Going to see “Titanic” at Candlelight Pavilion Dinner Theater in Claremont was something I approached with trepidation. Thought the music was written by Maury Yeston, whose work I have always liked, and the book by Peter Stone, and its storyline was based completely on actual people, which I approve of, I was haunted a bit by the first version I saw. I need not to have worried.

The first time I saw the Tony-winning musical it was somewhat anticlimactic. For one thing, the epic movie of the same name had been recently released, but for another the national tour of the original Broadway production itself, which was born at the Ahmanson production I saw, seemed a weird combination of occasionally brilliant theatricality and staging moments which were either overblown or simply ridiculous. Indeed, it was hard to connect with the musical itself because the visuals were so uneven.

Turns out (and the irony is not lost on me) that in the case of a musical about what was then the largest vehicle in the world, smaller is better. Crammed onto the comparatively little Candlelight stage, all the overblown theatricality gives way to story, and the characters shine over the comparatively subtle optics. Add the impressive quality of the performers in this new production, who sing so well that no huge chorus is needed to back them up, and the intimacy, musicality, and pathos shine far more brightly than anything I could have anticipated.

This is, in large part thanks to director/set designer Chuck Ketter’s vision.

The story is not new to much of anyone, but author Stone has concentrated on just a few people, often the less well-known among those who boarded the maiden voyage of this supposedly unsinkable ship. Yes, designer Thomas Andrews is there, along with the pompous and demanding ship-owner Bruce Ismay and the about-to-retire Captain E.J. Smith, but the rest are a combination of first, second, and third-class passengers and crew, most of them comparatively new to the general public. The songs tie in closely with the storyline rather than being stand-alone, and the small live orchestra gives a chance for emotional nuance which the theater’s usual pre-recorded instrumentals would not.

Ketter’s set design allows for quick changes of place which keep the pace electric as relationships define, personalities emerge, and the ship steams on toward its disastrous destiny. The entire production is tight, intense, and riveting in a way that old original simply wasn’t.

The talented company of 20, who cover a musical originally written for more than 40, are a true ensemble, rising out of the crowd to create well-fleshed-out characters and then moving back again with a seamless flow. Standouts in a company full of them include Gavin Juckette as the ship’s overwhelmed radio man, Catie Marron as a 3rd class passenger dreaming of new beginnings and new love, and Sarah Meals as the ambitious 2nd class passenger constantly stealing into 1st class.

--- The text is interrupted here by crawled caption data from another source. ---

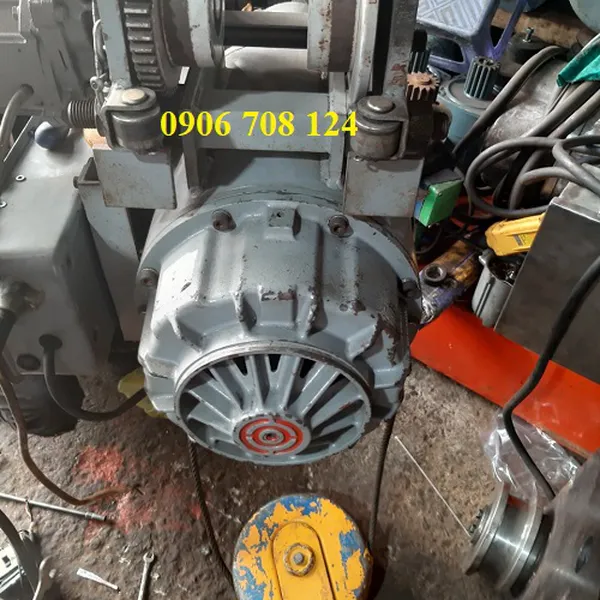Palang điện Nippon 2,8 tấn nhật bãi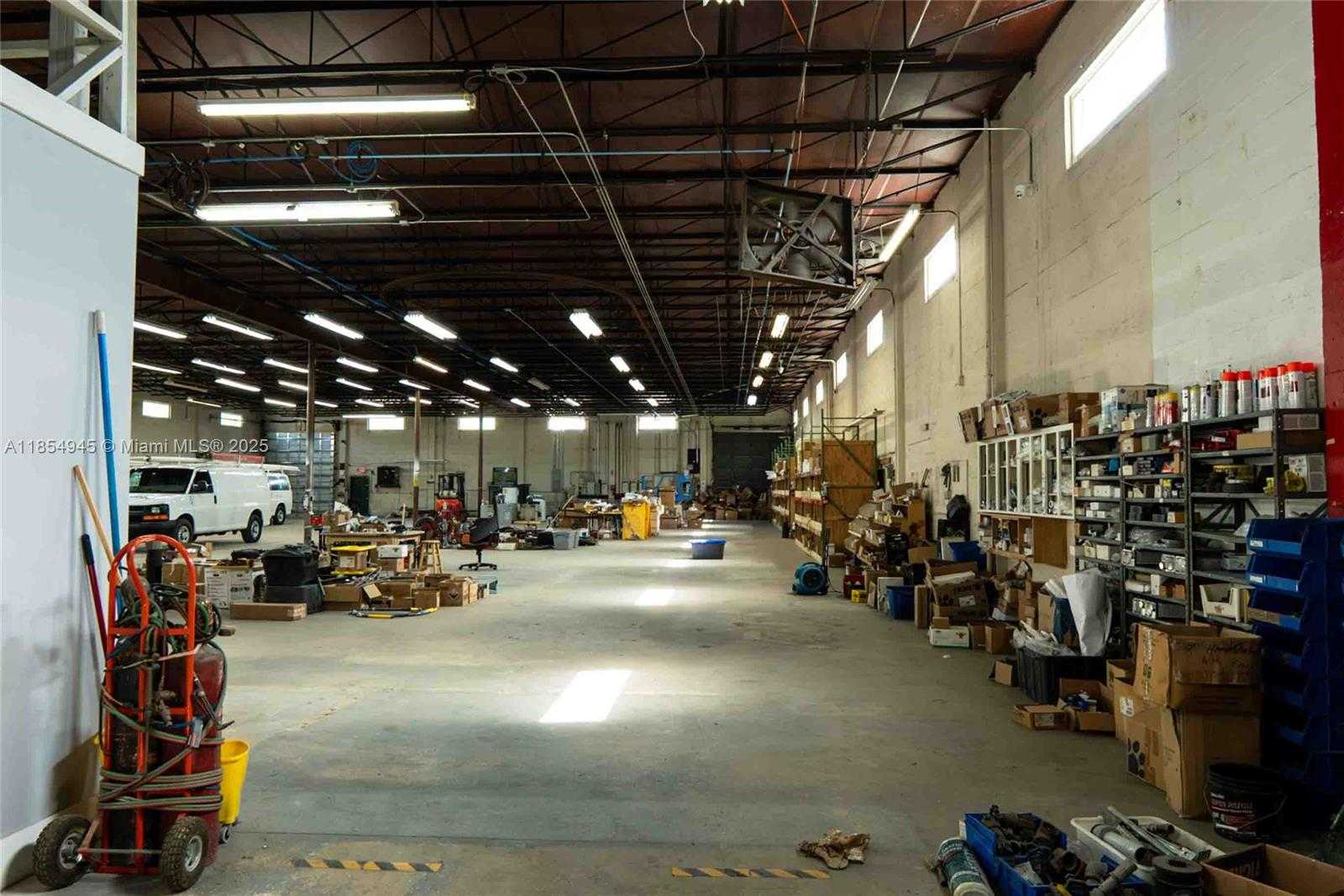 Small Image of 500 WEST 84TH ST, Hialeah Number 19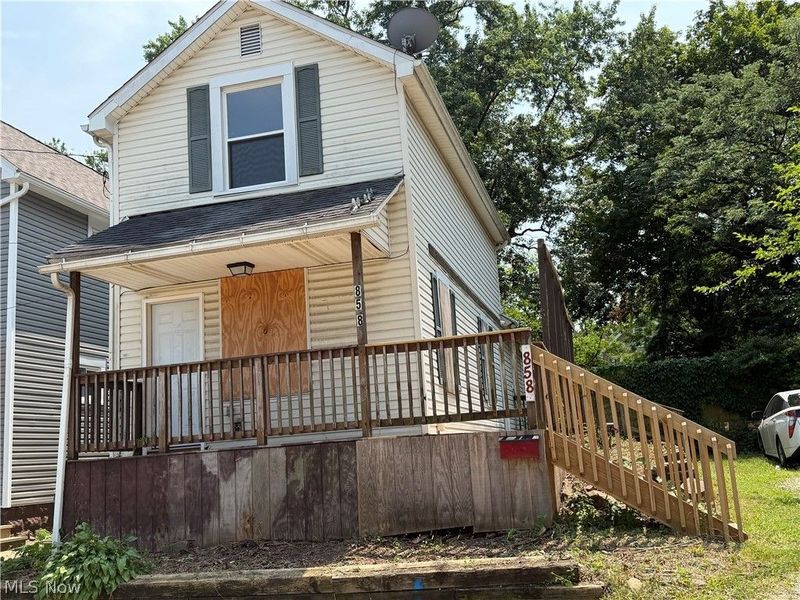 858 Forrest Drive, Akron, OH 44306 Photo 1
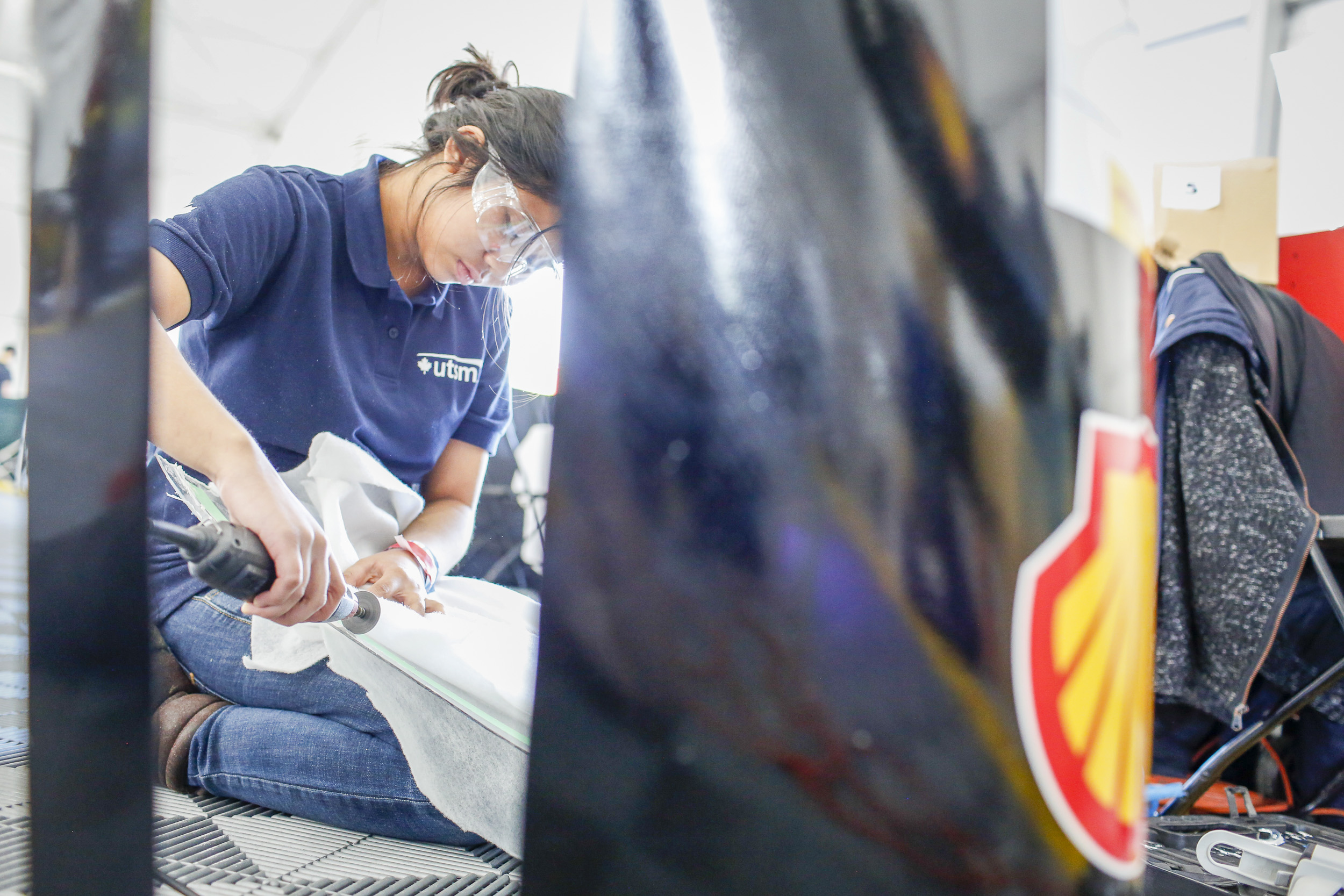  Team&nbsp; #5, &nbsp;University of Toronto Supermileage, of University of Toronto, in Toronto, Ontario, Canada, Prototype, Gasoline works on their car in the paddock during day one of Shell Make the Future at Sonoma Raceway, Thursday, April 19, 2018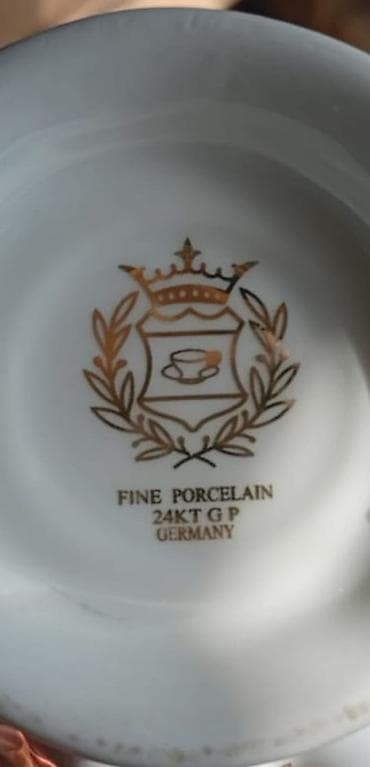 Porcelain servis dəsti – qızılı və qırmızı güllü naxış Zərif detallı — 7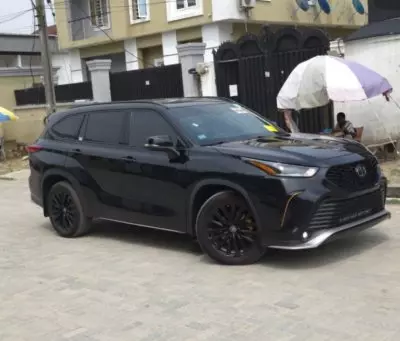 TOYOTA Highlander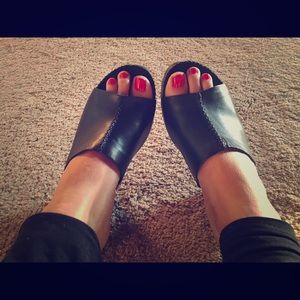 Brand NEW Aerosoles Black Leather Wedges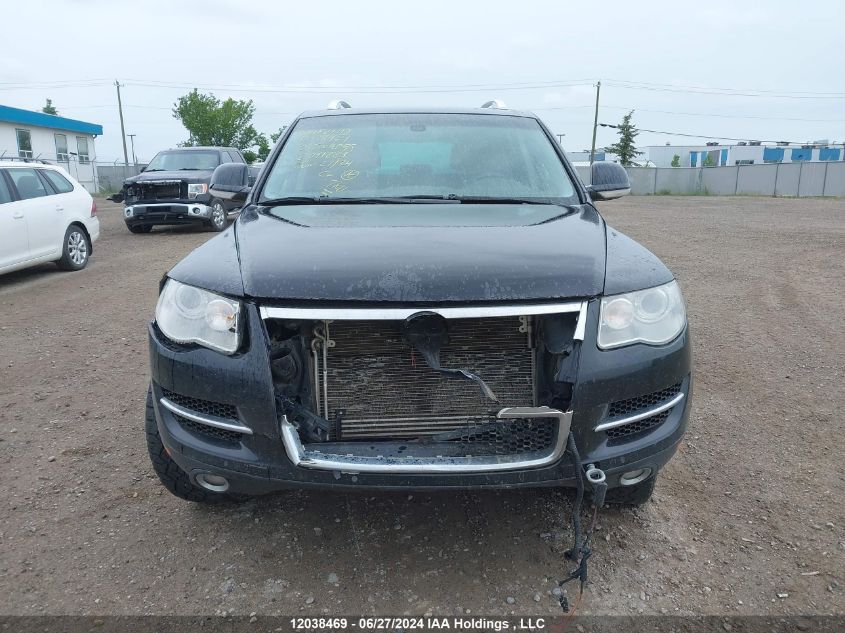 2008 Volkswagen Touareg 2 VIN: WVGCB77L18D041883 Lot: 12038469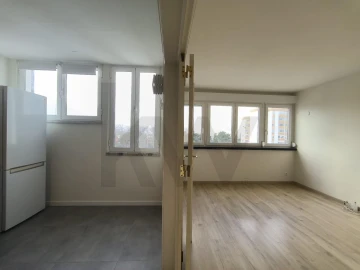 Apartamento T2 para Arrendamento em Santa Clara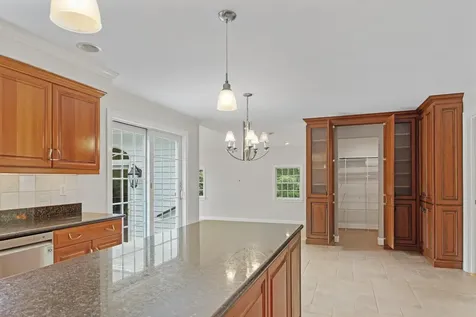 69 Exeter Road North Hampton NH 03862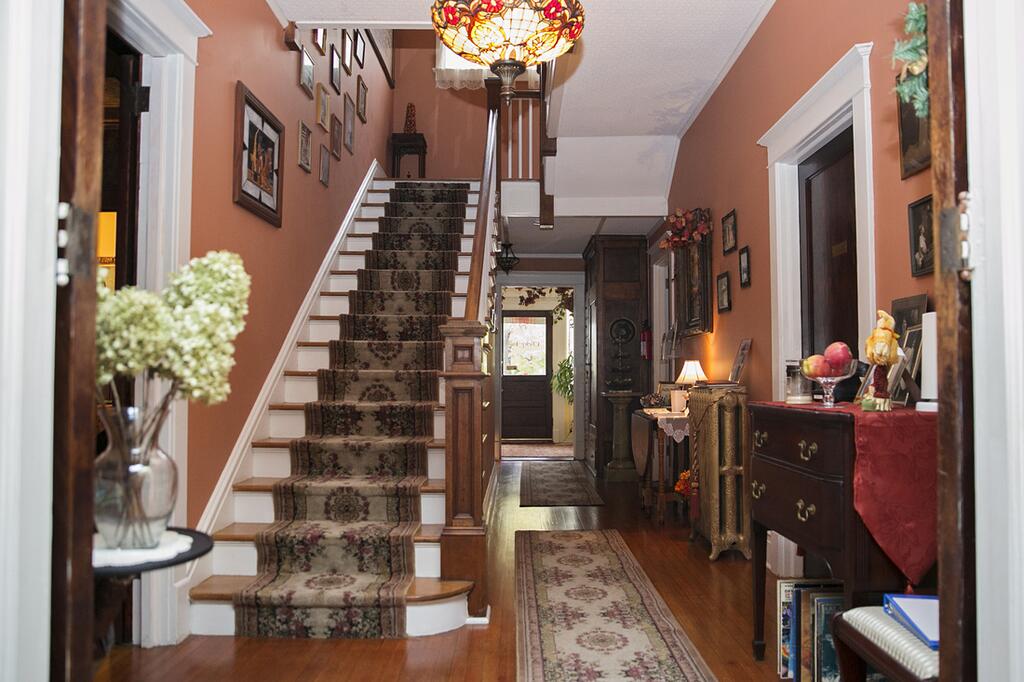 The Inn On Front Street - thumb 2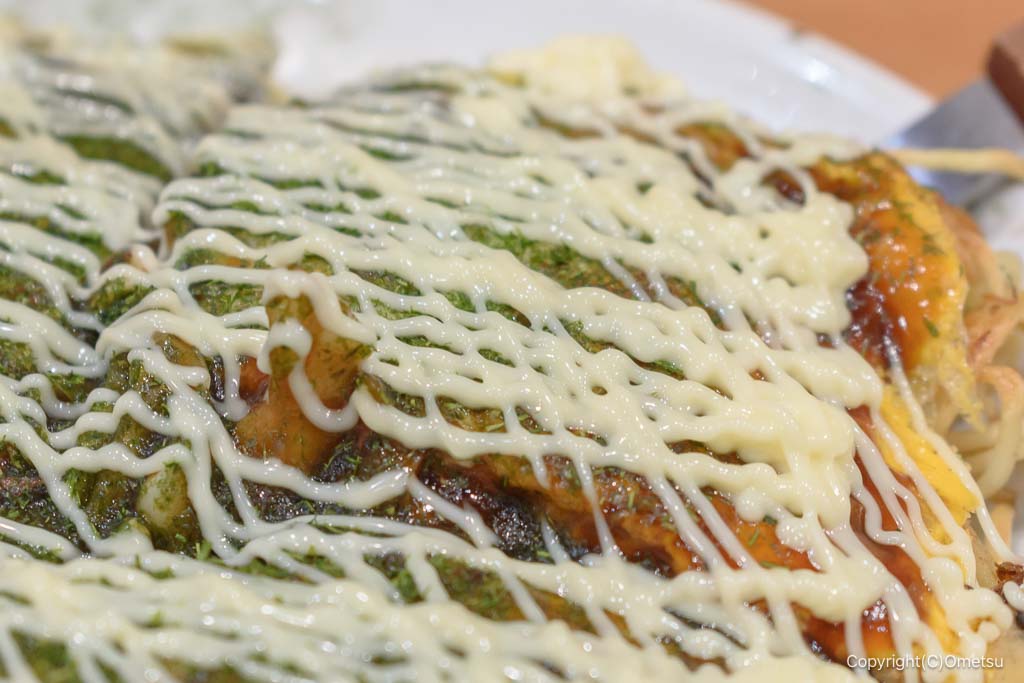 広島お好み焼きホプキンスの、肉玉そばの生地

As well as these, kudos go to Gregg Hammer as one of the ship’s stokers. Jamie Snyder and Samantha Wynn Greenstone as Isidor and Ida Straus, owners of Macy’s whose characters come into their own in the show’s second half, as Ida famously refuses a lifeboat if it means leaving her husband. Marc Montminy makes a wistful Captain Smith, and Greg Nicholas a despicably self-centered Ismay.

Musical director Andrew Orbison helps with the ensemble spirit as he guides performers and orchestra alike through the lush score. Dylan Pass handles the incidental choreography, and (and this is often a sticking point for me) Michon Gruber-Gonzales has done wonders with the wigs which firmly set this piece in time and place.

In short, this “Titanic” is definitely worth a look. At Candlelight it comes with a meal which tends away from standard “rubber chicken” in the dinner theaters of old, and the desserts are definitely worth the wait until intermission. Still, it isn’t the food which made this a fine production to see. They kept the best and redid the rest. It’s what a revival should do.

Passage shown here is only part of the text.